-- Opening Marker --
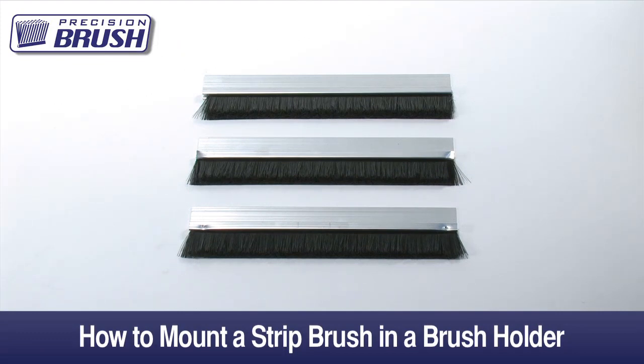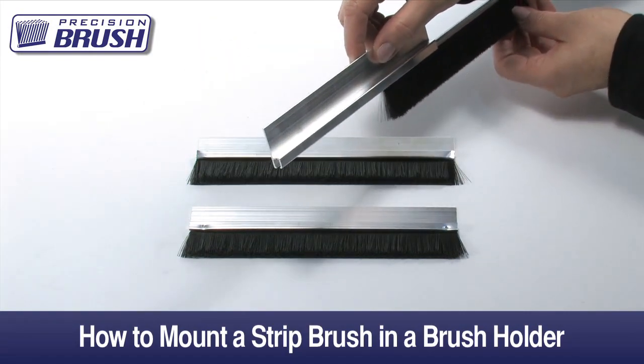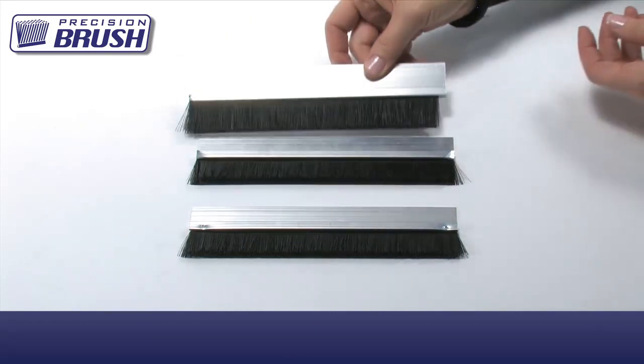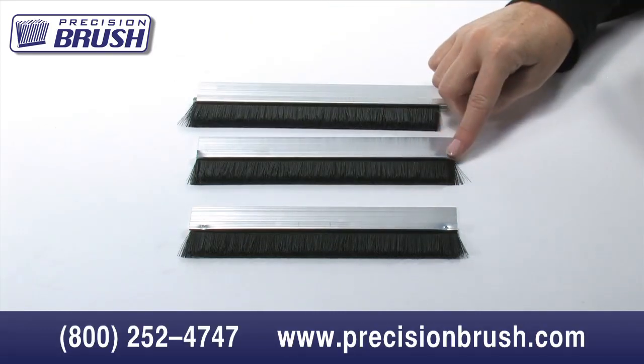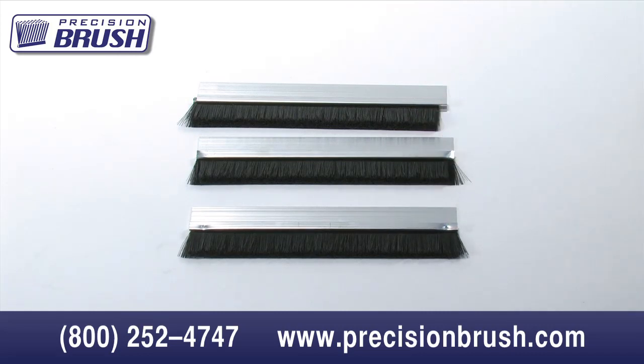Precision Brush Company offers many stock aluminum brush holders, some of which are shown here. Our metal channel strip brushes slide into the extruded aluminum holder and are easy to secure in place by bending the ends or by staking the brush in place with the punch. For more details on holder sizes and shapes, please see our website, precisionbrush.com.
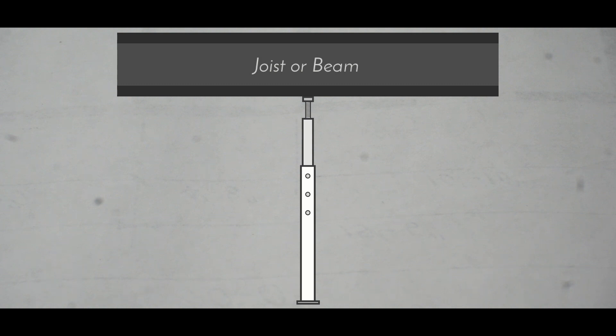One important thing to note is that these days at least, these type of jackposts are largely no longer allowed by building code. However, I'm making this type for two reasons. First, the house I'm replicating has them, and more importantly, in my opinion at least, they're neat looking, they're kind of mechanical, and I think they'd be cool to have in the model house.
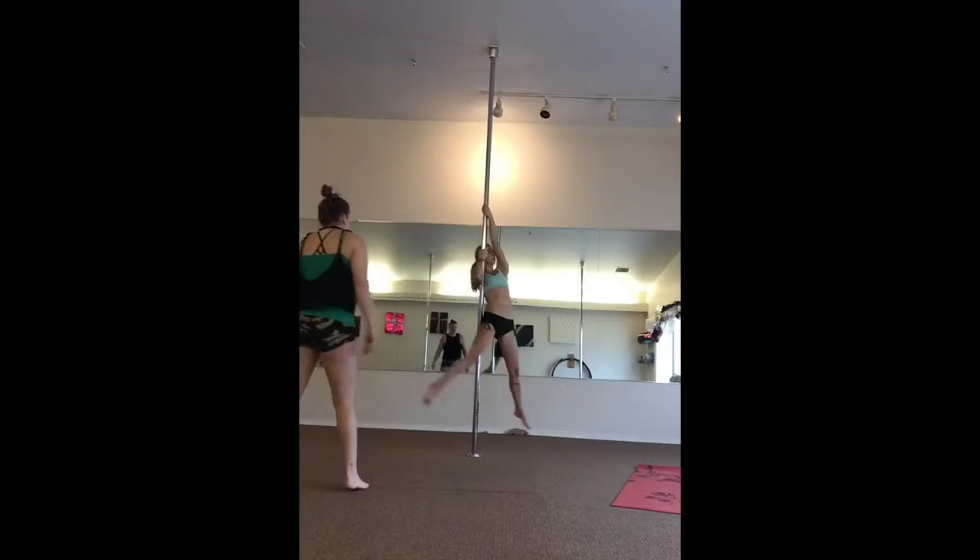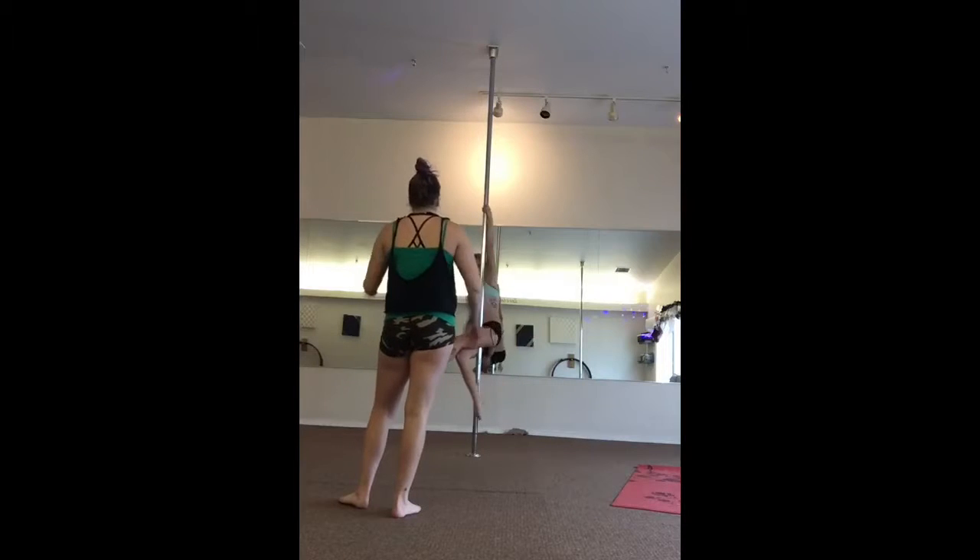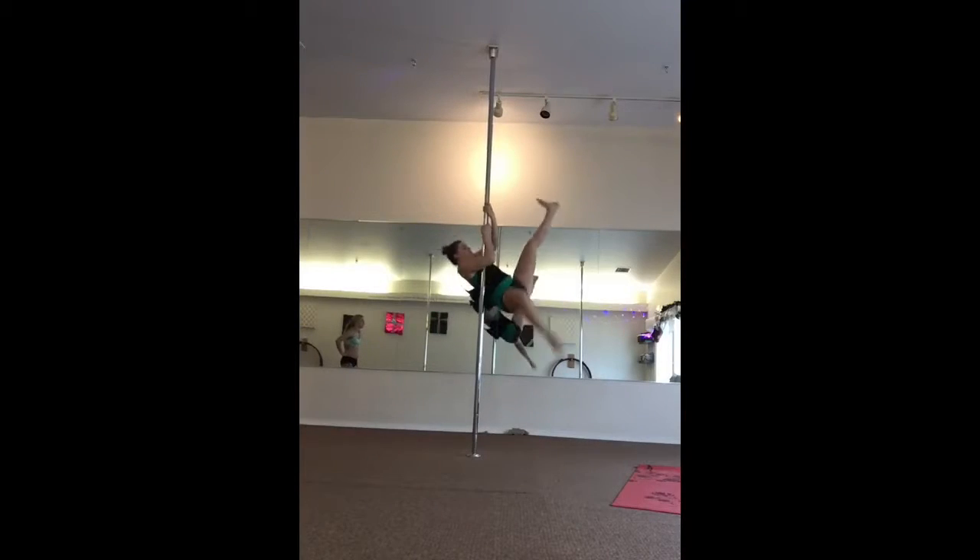We're going to use an inside leg first — one foot. We're going to use an outside leg first. Just think about it: kick outside leg, spin, now kick inside leg, and over to hold it.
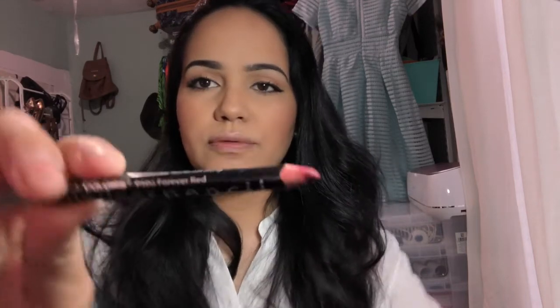Next I'm going to be lining my lips using the LA Color Lip Liner Pencil in the color Forever Red — I need to sharpen it. Then I'm going to be applying this new lipstick I bought from LA Colors. It's the color Starlet — it's a matte red — and I'm going to apply it over my lip liner.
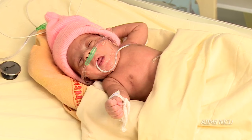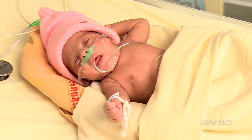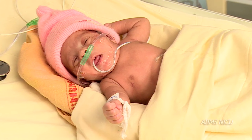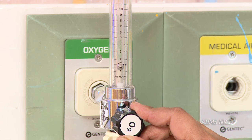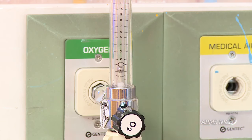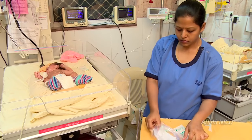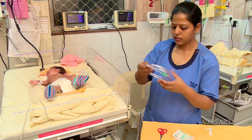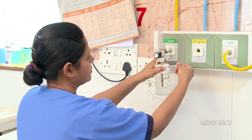Now we shall learn administration of oxygen by nasal cannula or nasal prongs. Remember to keep the oxygen flow rate between 0.5 to 1 liter per minute while using nasal cannula. Choose a cannula of infant size and always use a new cannula. Attach the end of the nasal cannula to the flow meter.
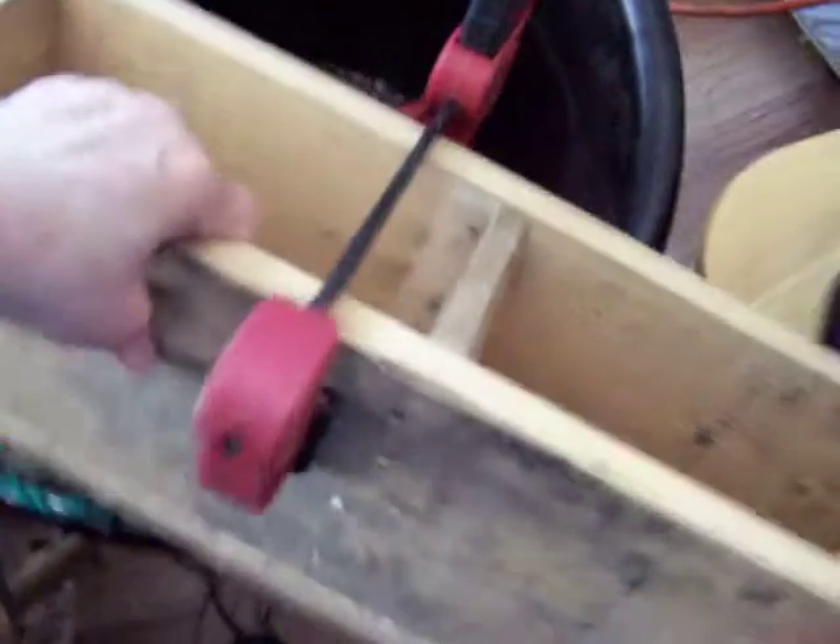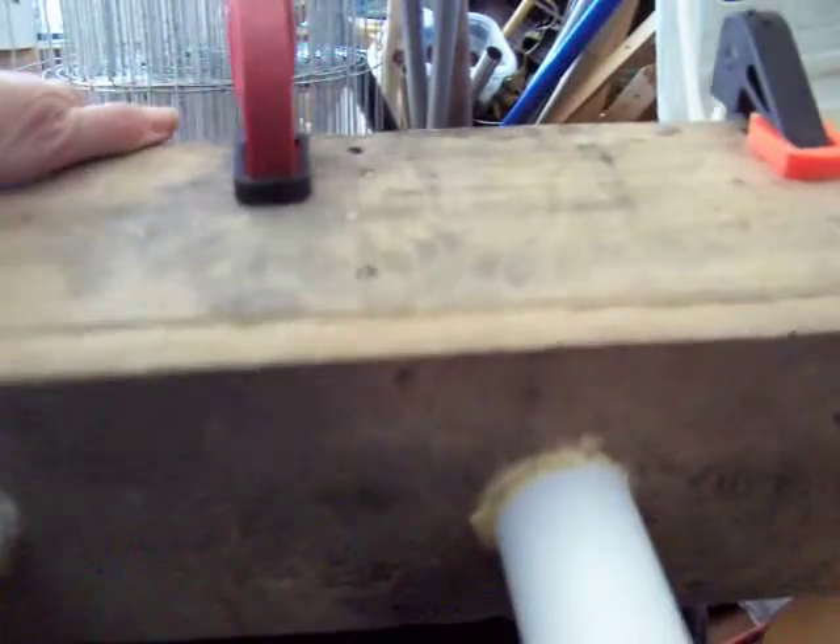Well hello, I'm making a birdhouse and I got it mostly done before I thought to film anything. So let's see if I can turn it around one-handed. That there is the front, and I decided to make it a triple-decker for sparrows.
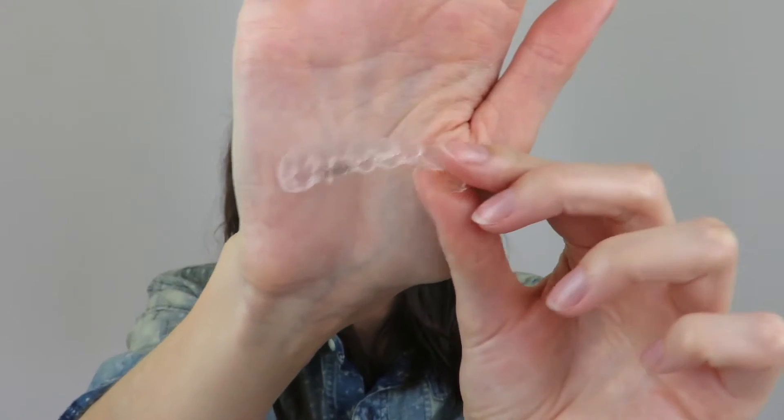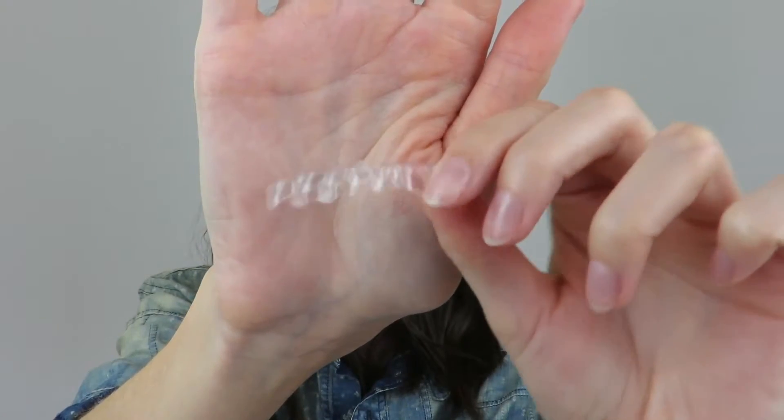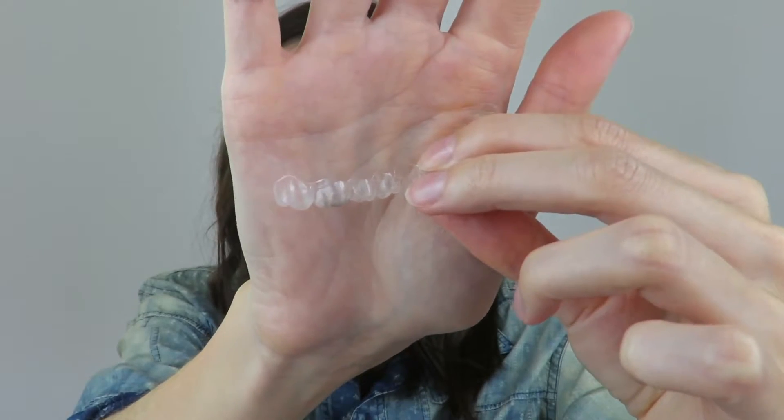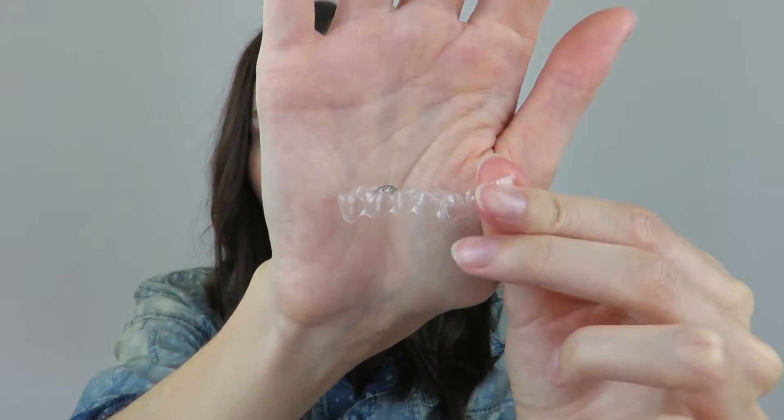I should probably quickly go over what Invisalign is because some people may have no idea. Invisalign is a sort of clear alternative to traditional braces. You don't have the metal and the wires on your teeth. Depending on where your teeth need to move to, you will have attachments that are bonded onto your teeth, and then you have these clear aligners. It's kind of like a thin clear plastic and it's not really noticeable on the teeth. The only part that's noticeable is where your attachments are if they do protrude out a little bit.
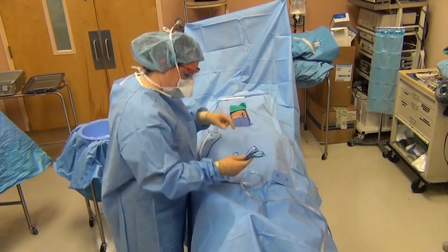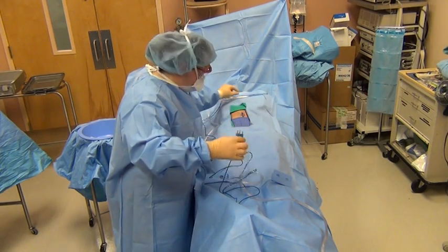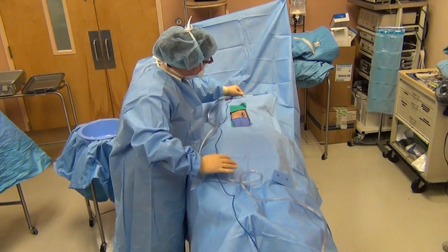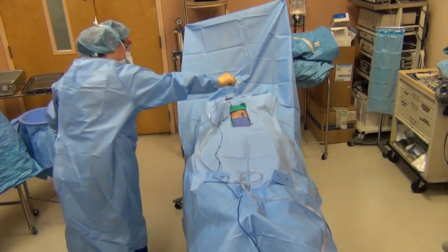Notice she's very careful to keep control of everything to make sure that it stays on the bed. If your circulator or RN is not there right away to plug everything off, you just throw it off on the end that it will be plugged up on.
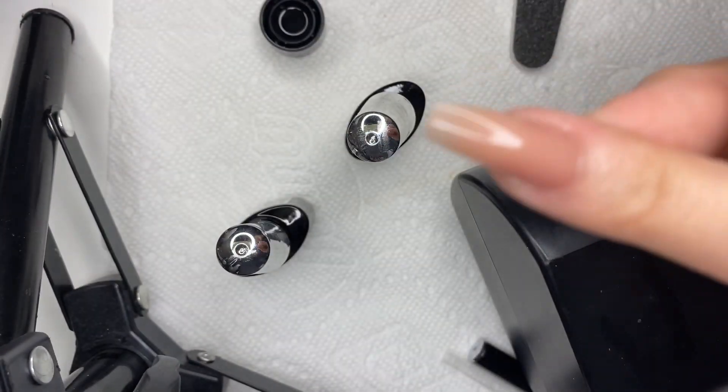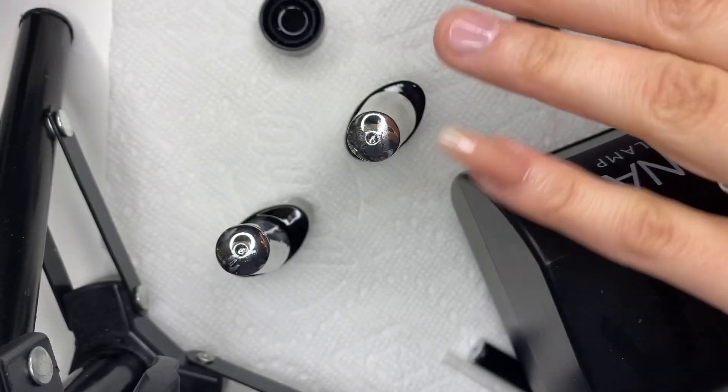We're back to my face — here's the pinky nail again and the rest of my nails. I'm not going to bore you by filming all of them, so I'll pop back in once all the nails on both hands are done.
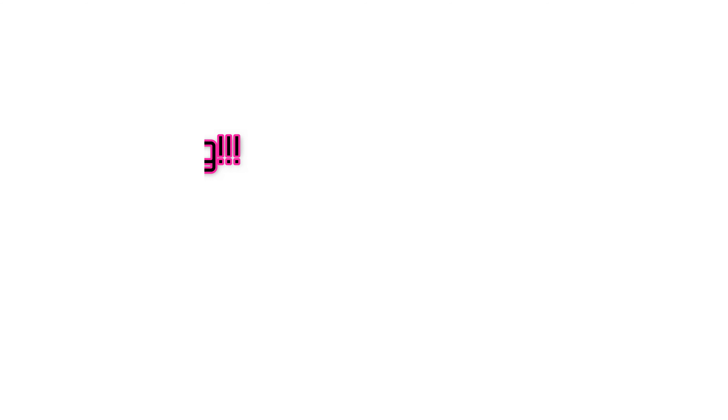Anyway, let me know what you guys think. Feel free to rate, comment, and subscribe, and see you again soon. Domo arigatou gozaimasu, mata ema shau, jane — thanks for watching!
-- Closing Marker --
*THE PROBLEM:* Pictures in the material above should be skipped; print exactly the lines from the one with "One important thing" through the one with "Now we shall".

*ANSWER TO THIS TASK:*
One important thing to note is that these days at least, these type of jackposts are largely no longer allowed by building code. However, I'm making this type for two reasons. First, the house I'm replicating has them, and more importantly, in my opinion at least, they're neat looking, they're kind of mechanical, and I think they'd be cool to have in the model house.
We're going to use an inside leg first — one foot. We're going to use an outside leg first. Just think about it: kick outside leg, spin, now kick inside leg, and over to hold it.
Next I'm going to be lining my lips using the LA Color Lip Liner Pencil in the color Forever Red — I need to sharpen it. Then I'm going to be applying this new lipstick I bought from LA Colors. It's the color Starlet — it's a matte red — and I'm going to apply it over my lip liner.
Now we shall learn administration of oxygen by nasal cannula or nasal prongs. Remember to keep the oxygen flow rate between 0.5 to 1 liter per minute while using nasal cannula. Choose a cannula of infant size and always use a new cannula. Attach the end of the nasal cannula to the flow meter.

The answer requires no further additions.